## Task:
Only an exact retyping of all the entries counts as an answer.

## Data supplied:
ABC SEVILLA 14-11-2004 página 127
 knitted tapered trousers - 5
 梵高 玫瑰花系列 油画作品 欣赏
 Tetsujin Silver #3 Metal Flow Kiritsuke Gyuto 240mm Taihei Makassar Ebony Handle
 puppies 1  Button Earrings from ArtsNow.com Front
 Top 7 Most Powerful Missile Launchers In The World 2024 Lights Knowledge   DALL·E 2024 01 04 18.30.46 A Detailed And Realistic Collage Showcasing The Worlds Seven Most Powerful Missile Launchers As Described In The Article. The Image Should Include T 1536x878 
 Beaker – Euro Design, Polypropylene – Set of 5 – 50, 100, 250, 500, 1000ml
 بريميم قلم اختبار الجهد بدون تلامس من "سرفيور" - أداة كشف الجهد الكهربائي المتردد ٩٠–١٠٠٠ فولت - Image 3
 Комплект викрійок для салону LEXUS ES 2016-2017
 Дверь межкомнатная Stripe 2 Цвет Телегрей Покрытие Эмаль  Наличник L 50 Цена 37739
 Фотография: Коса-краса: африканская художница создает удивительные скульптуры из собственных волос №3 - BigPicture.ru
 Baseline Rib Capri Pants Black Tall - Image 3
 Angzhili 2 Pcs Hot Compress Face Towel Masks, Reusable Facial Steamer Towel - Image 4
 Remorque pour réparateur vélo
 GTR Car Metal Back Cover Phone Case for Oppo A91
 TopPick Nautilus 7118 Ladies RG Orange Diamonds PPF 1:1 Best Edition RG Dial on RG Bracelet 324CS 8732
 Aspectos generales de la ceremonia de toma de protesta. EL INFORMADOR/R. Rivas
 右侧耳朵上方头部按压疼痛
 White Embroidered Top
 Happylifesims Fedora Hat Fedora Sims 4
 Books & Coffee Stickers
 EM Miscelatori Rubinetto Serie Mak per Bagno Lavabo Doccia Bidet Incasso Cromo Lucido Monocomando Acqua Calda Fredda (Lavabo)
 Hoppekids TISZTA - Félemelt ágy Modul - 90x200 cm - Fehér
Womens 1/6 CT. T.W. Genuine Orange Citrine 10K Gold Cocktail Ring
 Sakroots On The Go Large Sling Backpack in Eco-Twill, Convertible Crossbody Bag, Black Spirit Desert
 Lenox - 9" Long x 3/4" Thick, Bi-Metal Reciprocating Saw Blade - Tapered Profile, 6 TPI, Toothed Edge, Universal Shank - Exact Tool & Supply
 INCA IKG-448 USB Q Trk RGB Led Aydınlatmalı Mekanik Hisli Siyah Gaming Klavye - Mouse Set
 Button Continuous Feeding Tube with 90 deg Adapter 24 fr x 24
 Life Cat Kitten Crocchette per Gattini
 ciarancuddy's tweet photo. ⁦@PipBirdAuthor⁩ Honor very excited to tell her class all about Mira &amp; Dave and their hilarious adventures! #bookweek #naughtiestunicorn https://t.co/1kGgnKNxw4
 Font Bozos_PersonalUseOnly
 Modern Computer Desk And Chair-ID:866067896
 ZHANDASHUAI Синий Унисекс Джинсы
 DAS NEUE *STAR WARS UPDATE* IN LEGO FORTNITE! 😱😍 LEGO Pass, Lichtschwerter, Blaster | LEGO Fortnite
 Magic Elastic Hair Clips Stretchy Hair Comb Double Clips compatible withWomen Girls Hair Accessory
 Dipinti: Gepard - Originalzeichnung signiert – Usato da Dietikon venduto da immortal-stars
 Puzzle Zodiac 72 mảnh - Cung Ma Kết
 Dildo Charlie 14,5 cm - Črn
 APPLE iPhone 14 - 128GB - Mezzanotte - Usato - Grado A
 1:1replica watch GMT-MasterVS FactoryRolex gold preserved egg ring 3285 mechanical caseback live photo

## Solution for this problem:
ABC SEVILLA 14-11-2004 página 127
 knitted tapered trousers - 5
 梵高 玫瑰花系列 油画作品 欣赏
 Tetsujin Silver #3 Metal Flow Kiritsuke Gyuto 240mm Taihei Makassar Ebony Handle
 puppies 1  Button Earrings from ArtsNow.com Front
 Top 7 Most Powerful Missile Launchers In The World 2024 Lights Knowledge   DALL·E 2024 01 04 18.30.46 A Detailed And Realistic Collage Showcasing The Worlds Seven Most Powerful Missile Launchers As Described In The Article. The Image Should Include T 1536x878 
 Beaker – Euro Design, Polypropylene – Set of 5 – 50, 100, 250, 500, 1000ml
 بريميم قلم اختبار الجهد بدون تلامس من "سرفيور" - أداة كشف الجهد الكهربائي المتردد ٩٠–١٠٠٠ فولت - Image 3
 Комплект викрійок для салону LEXUS ES 2016-2017
 Дверь межкомнатная Stripe 2 Цвет Телегрей Покрытие Эмаль  Наличник L 50 Цена 37739
 Фотография: Коса-краса: африканская художница создает удивительные скульптуры из собственных волос №3 - BigPicture.ru
 Baseline Rib Capri Pants Black Tall - Image 3
 Angzhili 2 Pcs Hot Compress Face Towel Masks, Reusable Facial Steamer Towel - Image 4
 Remorque pour réparateur vélo
 GTR Car Metal Back Cover Phone Case for Oppo A91
 TopPick Nautilus 7118 Ladies RG Orange Diamonds PPF 1:1 Best Edition RG Dial on RG Bracelet 324CS 8732
 Aspectos generales de la ceremonia de toma de protesta. EL INFORMADOR/R. Rivas
 右侧耳朵上方头部按压疼痛
 White Embroidered Top
 Happylifesims Fedora Hat Fedora Sims 4
 Books & Coffee Stickers
 EM Miscelatori Rubinetto Serie Mak per Bagno Lavabo Doccia Bidet Incasso Cromo Lucido Monocomando Acqua Calda Fredda (Lavabo)
 Hoppekids TISZTA - Félemelt ágy Modul - 90x200 cm - Fehér
Womens 1/6 CT. T.W. Genuine Orange Citrine 10K Gold Cocktail Ring
 Sakroots On The Go Large Sling Backpack in Eco-Twill, Convertible Crossbody Bag, Black Spirit Desert
 Lenox - 9" Long x 3/4" Thick, Bi-Metal Reciprocating Saw Blade - Tapered Profile, 6 TPI, Toothed Edge, Universal Shank - Exact Tool & Supply
 INCA IKG-448 USB Q Trk RGB Led Aydınlatmalı Mekanik Hisli Siyah Gaming Klavye - Mouse Set
 Button Continuous Feeding Tube with 90 deg Adapter 24 fr x 24
 Life Cat Kitten Crocchette per Gattini
 ciarancuddy's tweet photo. ⁦@PipBirdAuthor⁩ Honor very excited to tell her class all about Mira &amp; Dave and their hilarious adventures! #bookweek #naughtiestunicorn https://t.co/1kGgnKNxw4
 Font Bozos_PersonalUseOnly
 Modern Computer Desk And Chair-ID:866067896
 ZHANDASHUAI Синий Унисекс Джинсы
 DAS NEUE *STAR WARS UPDATE* IN LEGO FORTNITE! 😱😍 LEGO Pass, Lichtschwerter, Blaster | LEGO Fortnite
 Magic Elastic Hair Clips Stretchy Hair Comb Double Clips compatible withWomen Girls Hair Accessory
 Dipinti: Gepard - Originalzeichnung signiert – Usato da Dietikon venduto da immortal-stars
 Puzzle Zodiac 72 mảnh - Cung Ma Kết
 Dildo Charlie 14,5 cm - Črn
 APPLE iPhone 14 - 128GB - Mezzanotte - Usato - Grado A
 1:1replica watch GMT-MasterVS FactoryRolex gold preserved egg ring 3285 mechanical caseback live photo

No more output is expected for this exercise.